Pressemitteilung | Bundesverband Digitalpublisher und Zeitungsverleger e.V (BDZV)

Zeitung ist die Plattform in der digitalen Zivilgesellschaft / Verleger verlangen von Politik neue Rahmenbedingungen

(Berlin) - Auf dem weiteren Weg in die digitale Medien- und Informationsgesellschaft erwarten die Zeitungsverleger von der Politik neue Rahmenbedingungen und schnellere Entscheidungen. "Die mittelständische Zeitungsbranche steht - gefesselt durch Wettbewerbs-, Datenschutz- und Medienvielfaltsregelungen - den globalen Internet-Giganten gegenüber, die in weiten Teilen uneingeschränkt in unseren Märkten agieren können", sagte der Hauptgeschäftsführer des Bundesverbands Deutscher Zeitungsverleger (BDZV), Dietmar Wolff, bei der Jahrespressekonferenz am 14. Juli 2015 in Berlin. Die Politik müsse endlich Position beziehen und klar entscheiden, ob die überregionalen, regionalen und lokalen Zeitungsunternehmen eine echte Chancengleichheit bei den Regeln hätten oder ob digitale Großkonzerne das Spiel für sich ausmachten. Als ein Beispiel für die zögerliche Haltung der Politik nannte Wolff das in Brüssel anhängige EU-Kartellverfahren gegen Google. Die EU-Kommission habe nach jahrelanger Prüfung endlich das Verfahren gegen den Quasi-Monopolisten eingeleitet, doch sei damit zu rechnen, dass es weitere Jahre dauern werde, bis ein Ergebnis vorliege.

Auch von den politischen Entscheidungsträgern in Bund und Ländern erwartet der BDZV ein stärkeres Bekenntnis zur Zeitung. Überfällig sei eine neue Medienordnung, in der die Position der Verlage gestärkt und an die neuen Marktentwicklungen angepasst werde. "Die Zeitungen wollen auch in Zukunft in Qualitätsinhalte investieren. Doch dafür brauchen sie mehr Freiraum", so Wolff. Stoppschilder beim Zugang zu den elektronischen Medien müssten beseitigt werden. Umgekehrt dürften Angebote von Rundfunksendern, die mit staatlich festgesetzten Gebühren finanziert würden, die frei finanzierte Presse nicht im Wettbewerb behindern. Auch die Werberegeln müssten so stabil sein, dass die Presse ihre öffentliche Funktion, die ihr vom Gesetzgeber zugedacht sei, auch ausfüllen könne. Wie fragil dieses Gefüge sei, hätten die Diskussionen um den Versuch des Senders ProSiebenSat.1 gezeigt, regionale Werbung auszustrahlen und damit gegen alle Regeln das wirtschaftliche Fundament der regionalen Medienunternehmen anzugreifen.

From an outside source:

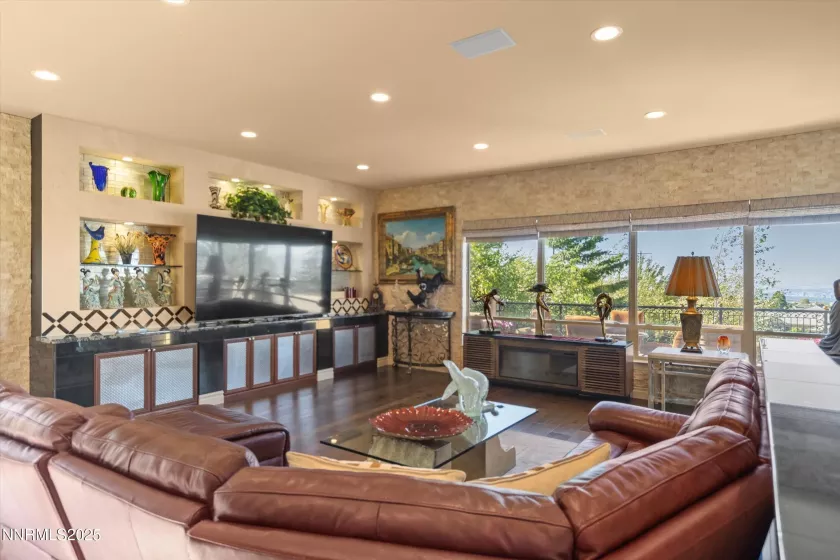 10411 Copper Cloud, Reno, Nevada 89511, 4 Bedrooms Bedrooms, ,5 BathroomsBathrooms,Residential,Residential,Copper Cloud,250054503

Ausdrücklich begrüßte der BDZV-Hauptgeschäftsführer die Arbeit der Bundesregierung bei der Entwicklung der digitalen Infrastruktur in Deutschland. Dazu gehöre auch die Unterstützung von Telekommunikations-Unternehmen, Deutschland flächendeckend mit schnellem Internet zu versorgen, was auch den Verlagen bei der digitalen Verbreitung ihrer Inhalte nutzen würde. "Doch das ist dieselbe Bundesregierung, die es uns durch praxisfremdes Eingreifen fast unmöglich macht, die Menschen jenseits der Ballungsräume betriebswirtschaftlich sinnvoll mit der Zeitung zu versorgen", kritisierte Wolff. Dies sei eine der Folgen des Mindestlohns, der die Zustellung auf einen Schlag um 230 Millionen Euro verteuert habe.

Qualität, Glaubwürdigkeit, Vertrauen

Der BDZV-Hauptgeschäftsführer machte deutlich, wie existenziell wichtig die Zeitungen im Mediensystem in Deutschland seien. Kein anderes Medium könne die Welt in ihrer Universalität so professionell abbilden. Bis in den lokalen und hyperlokalen Nahraum hinein begleite die Zeitung die Menschen und liefere zugleich das "big picture" in Politik, Wirtschaft, Kultur und Sport. Mit diesem Informations- und Bildungsangebot erreiche die Zeitung täglich fast 52 Millionen Bürger beziehungsweise drei Viertel der deutschsprachigen Bevölkerung. Dies geschehe zunehmend auf digitalen Ausspielkanälen vom PC bis zu Tablet und Smartphone. "Damit ist die Zeitung die universale Kommunikationsplattform in der digitalen Zivilgesellschaft", so Wolff.

Wie sehr die Bürger den Zeitungen vertrauten, habe erst jüngst wieder eine Untersuchung der Forschungsgruppe Wahlen bestätigt: Über alle Altersgrenzen hinweg genössen Zeitungen die höchste Glaubwürdigkeit - ganz oben stünden die regionalen Tageszeitungen. Sie seien in den Städten und Gemeinden das Forum für sachliche und meinungsstarke Debatten. Tag für Tag würden von Zeitungen Missstände in Politik, bei Behörden, Institutionen und Unternehmen aufgedeckt. Oft seien es Regionalzeitungen, die journalistische Scoops landeten. Diese Leistung sei für eine lebendige Demokratie von unschätzbarem Wert, stellte Wolff fest.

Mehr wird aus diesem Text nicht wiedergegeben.